Как пишет портал Mignews, при этом мужчины редко задумываются о том, что сами женятся по расчету и делают это гораздо чаще, чем женщины. Ведь на самом деле не многие из нас готовы жить с нелюбимым человеком, утешая себя новой шубкой или поездкой в Париж на выходные. Ну а что же мужчины? Они тоже ищут любви, но при этом не готовы слепо следовать за своим чувством.

Как правило, мужчина хочет связать свою судьбу только с той, которая хорошо готовит, не отлынивает от уборки дома и не брезгует стиркой носков вручную. При этом женщине, подчеркивает портал, положено успевать заниматься самореализацией, быть умной и делать посильный вклад в семейный бюджет. В противном случае ей не избежать упреков в том, что она сидит у мужа на шее. Хозяйка на кухне, леди в гостиной и проститутка в постели — это вовсе не миф, а вполне реальное представление о хорошей жене. Некоторые также настаивают на том, чтобы будущая жена была из полной семьи или принадлежала к определенной социальной прослойке. Как ни странно, чем меньше мужчина способен дать женщине, тем больше список выдвигаемых к ней требований. И что же это, если не расчет?

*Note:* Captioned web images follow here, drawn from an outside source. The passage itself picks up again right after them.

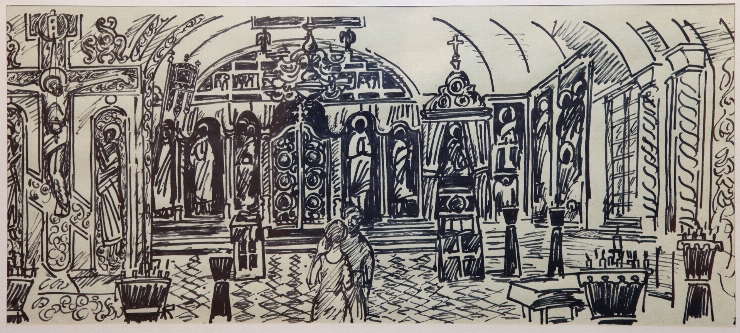 În biserică. Schiţă de decor la filmul artistic 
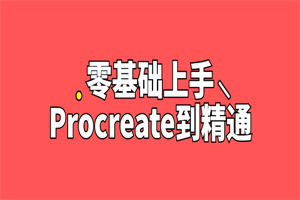 零基础上手Procreate到精通-白嫖收集分享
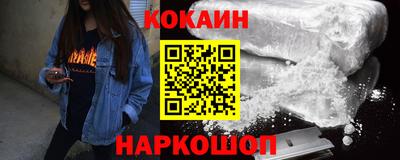 бутират Рузаевка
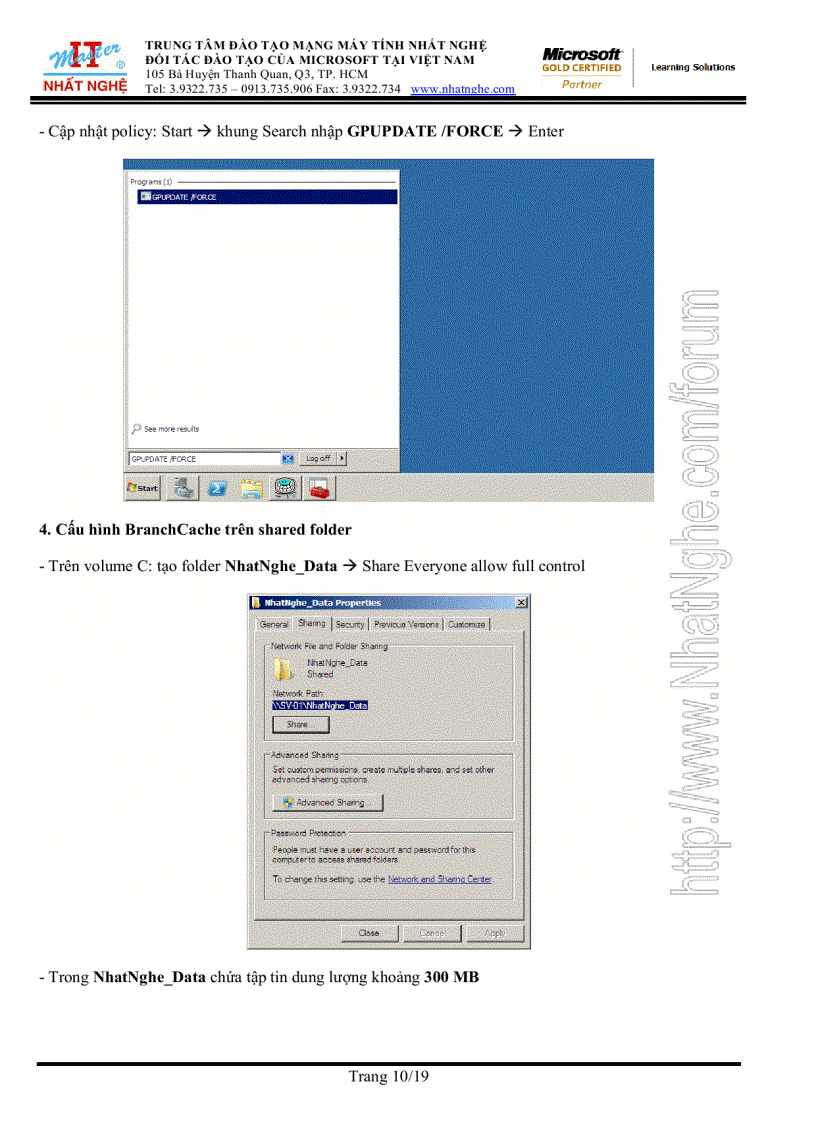 image for page Branchcache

Однако, передает сайт Ivona, не стоит думать, что данная статья призвана заклеймить мужчин. На самом деле, в таком расчете нет ничего дурного, ведь для счастливой семейной жизни необходимо, чтобы мировоззрения партнеров совпадали, и каждый мог выполнять приписанную ему роль. И это касается обоих полов. Если женщина выбирает в спутники жизни состоятельного мужчину, это вовсе не значит, что она меркантильная стерва — просто у нее тоже есть свои требования и запросы, которые необходимо удовлетворять.

----------


## Sanych

Ай, не согласен. Женщины в этом деле более циничны, и решают исход в пользу богатых парней.

----------


## Irina

А вот это глупость несусветная. Мы в этом плане равны. Спишь ведь с человеком и детей от него рожаешь. Деньги деньгами, но к ним нужны и отношения, иначе это не семья, когда тебе неприятны отношения интимные.

----------


## Sanych

Ну правильно, выбираешь кого побогаче и рожаешь ему, что б не делся никуда

----------


## Irina

Ну а жить потом как?  Любовника завести не выход - закопают обоих.  морщиться от отвращения  каждый раз? Не понимаю. Ведь ничего не нужно будет, ни денег ни такой семьи.

----------


## Sanych

А привычка? Кака привычка? Така привычка!

----------


## Irina

К этому невозможно привыкнуть - если нет чувств никаких, кроме любви к деньгам, не складывается такой брак никогда. Сталкивалась с этим в жизни и доводилось видеть от начала до очень быстрого и печального конца.

----------


## Sanych

Ну в этом я согласен. Видал такое. Потом обоим плевать друг на друга, а детей куда девать, уже вопрос...

----------


## Irina

Вот вот. Так что все хороши - и мужчины и женщины, которые на это идут сознательно)

----------


## HARON

Irina, ты судишь о женщинах по себе.Но не все же такие как ты. Большинство нынешних девушек пойдут на что угодно,лишь бы захомутать богатого мужика. Девичья честь нынче не в чести!

----------


## Irina

Я не сужу по себе - такие браки  быстро и плохо заканчиваются в 95% случаев.

----------


## Энрика

что-то процент слишком большой

----------